Scientific classification
- Kingdom: Plantae
- Clade: Tracheophytes
- Clade: Angiosperms
- Clade: Eudicots
- Clade: Rosids
- Order: Fabales
- Family: Fabaceae
- Subfamily: Caesalpinioideae
- Clade: Mimosoid clade
- Genus: Acacia
- Species: A. praelongata
- Binomial name: Acacia praelongata F.Muell.

= Acacia praelongata =

- Genus: Acacia
- Species: praelongata
- Authority: F.Muell.

Species of legume

Acacia praelongata is a shrub of the genus Acacia and the subgenus Plurinerves that is endemic to are area of northern Australia.

==Description==
The trees typically grow to a height of 4 to 6 m with a slender and delicate habit and has pendulous branches with hard and furrowed bark and glabrous branchlets. Like most species of Acacia it has phyllodes rather than true leaves. The pendulous, glabrous and evergreen phyllodes have a narrowly linear shape and are slightly incurved with a length of 12 to 24 cm and a width of 1 to 3.5 mm an have three main nerves with the midrib being the most prominent.

==Taxonomy==
The species was first formally described by the botanist Ferdinand von Mueller in 1884 as published in The Australasian Chemist and Druggist.

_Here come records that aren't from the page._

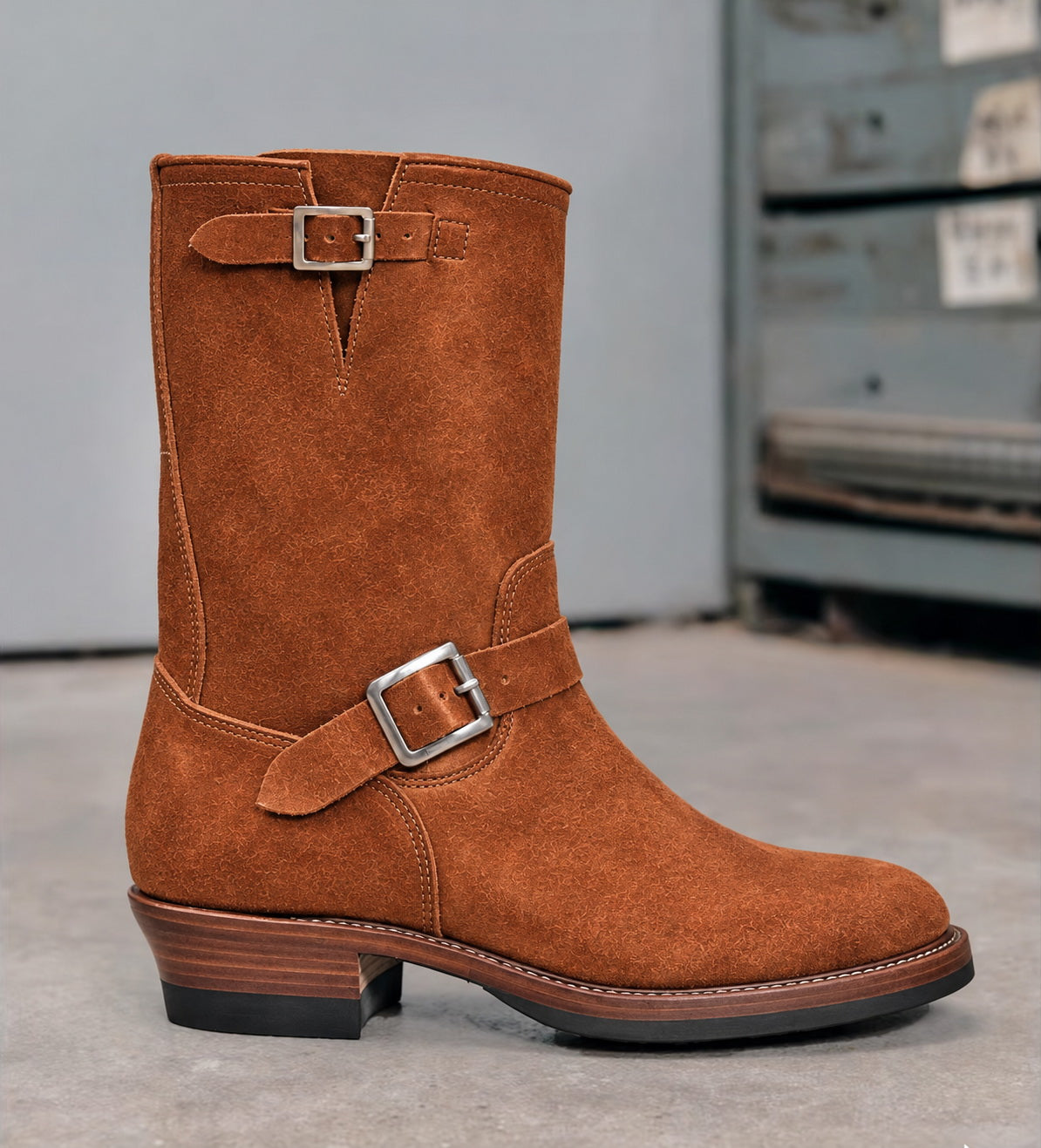 34501 Engineer Boots / Standard Top Grain Roughout MTO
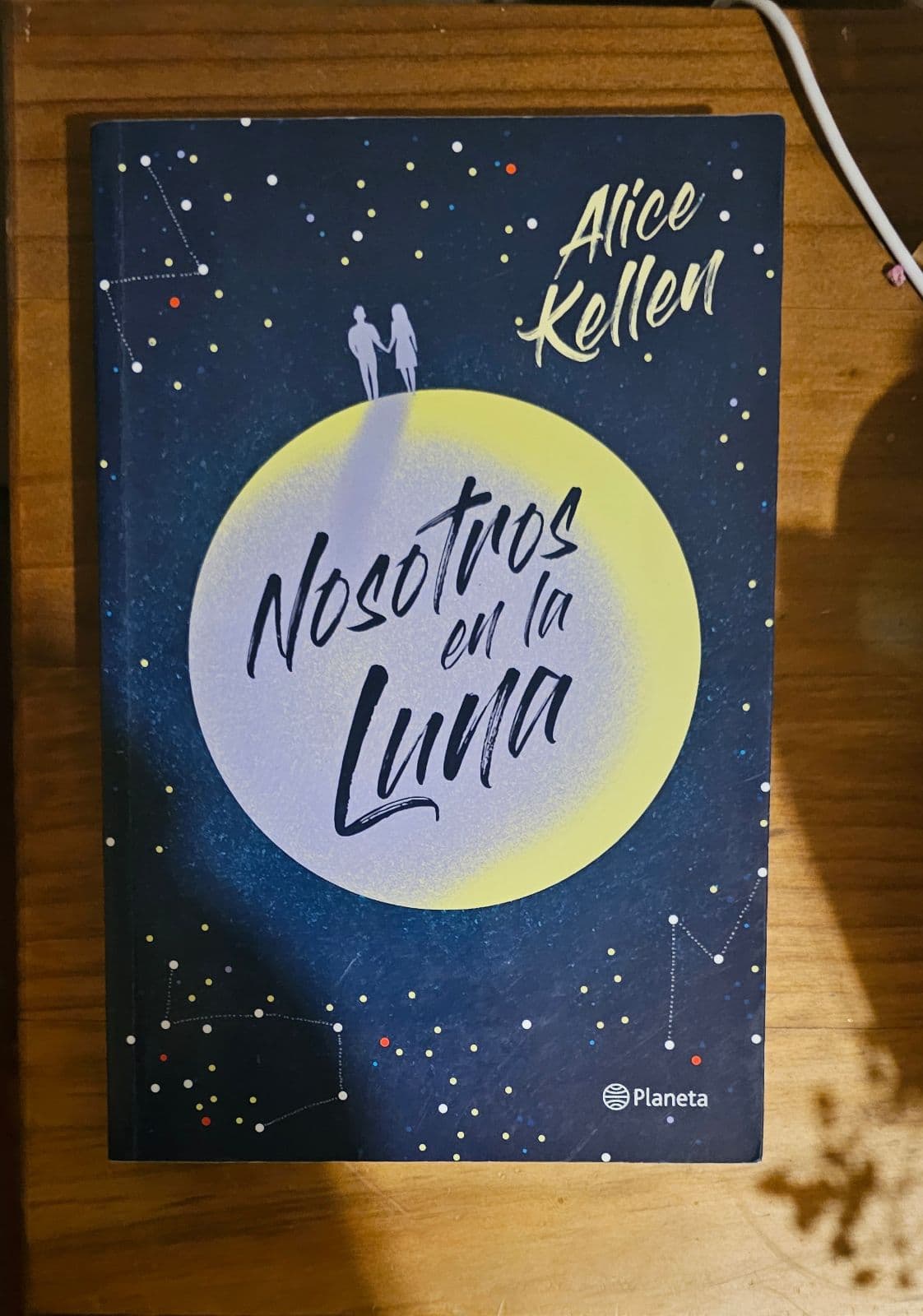 Nosotros en la luna — Alice Kellen, libro usado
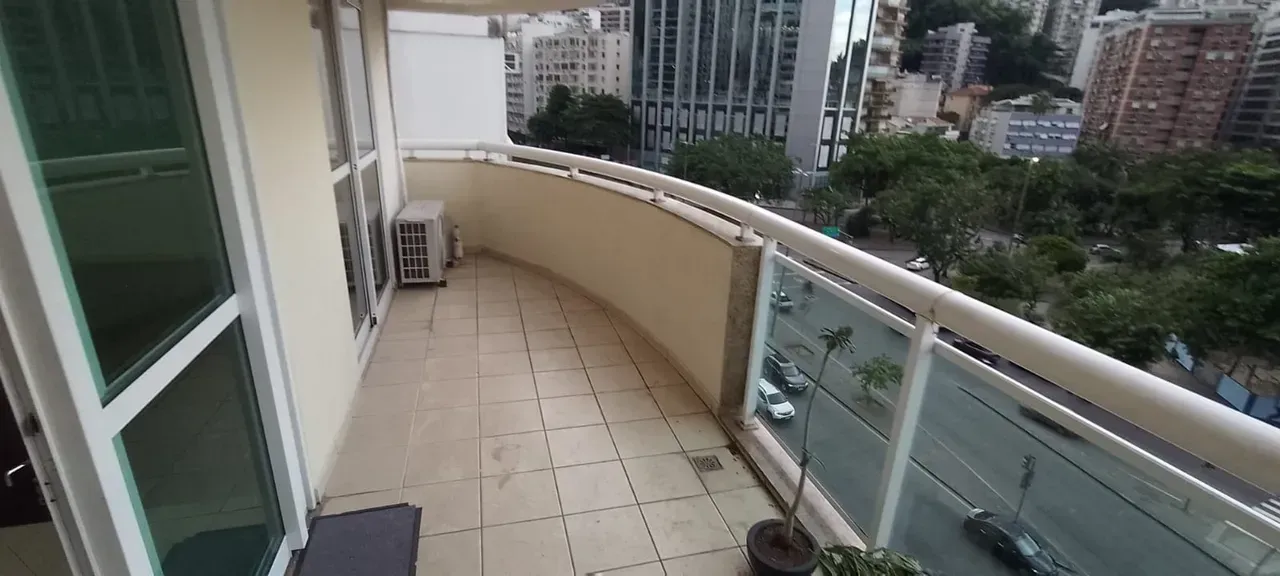 173 m² apartment with 1 bedroom and 3 bathrooms — photo 47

It was reclassified as Racosperma praelongatum by Leslie Pedley in 2003 then transferred back to genus Acacia in 2006.

==Distribution==
It is found in north western parts of the Northern Territory including on Melville Island to the north and down to around Katherine in the south where it is found growing in gravelly lateritic soils with a scattered distribution amongst open woodland and forest communities.

==Cultivation==
The plant is available commercially and is used in rockeries or in filling in gardens where it is noted as being waterwise, a good screening plant and being bird and butterfly attracting.